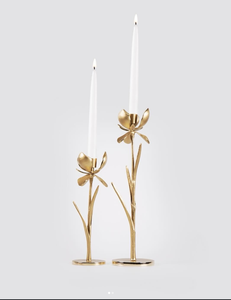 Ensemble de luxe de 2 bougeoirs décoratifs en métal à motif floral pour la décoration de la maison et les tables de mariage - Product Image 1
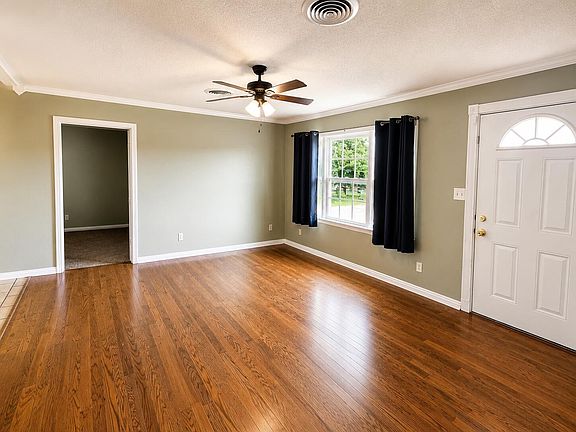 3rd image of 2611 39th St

* * *

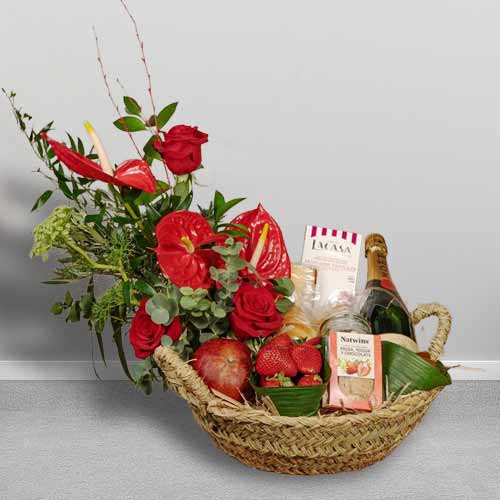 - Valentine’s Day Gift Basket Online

Exercise objective ▸ Nothing but the lines above, starting at the line that contains "Ensemble de luxe" and ending at the line that contains "3rd image of 2611 39th St", should be given again, exactly and without the pictures.

Exercise answer ▸
 Ensemble de luxe de 2 bougeoirs décoratifs en métal à motif floral pour la décoration de la maison et les tables de mariage - Product Image 1
 3rd image of 2611 39th St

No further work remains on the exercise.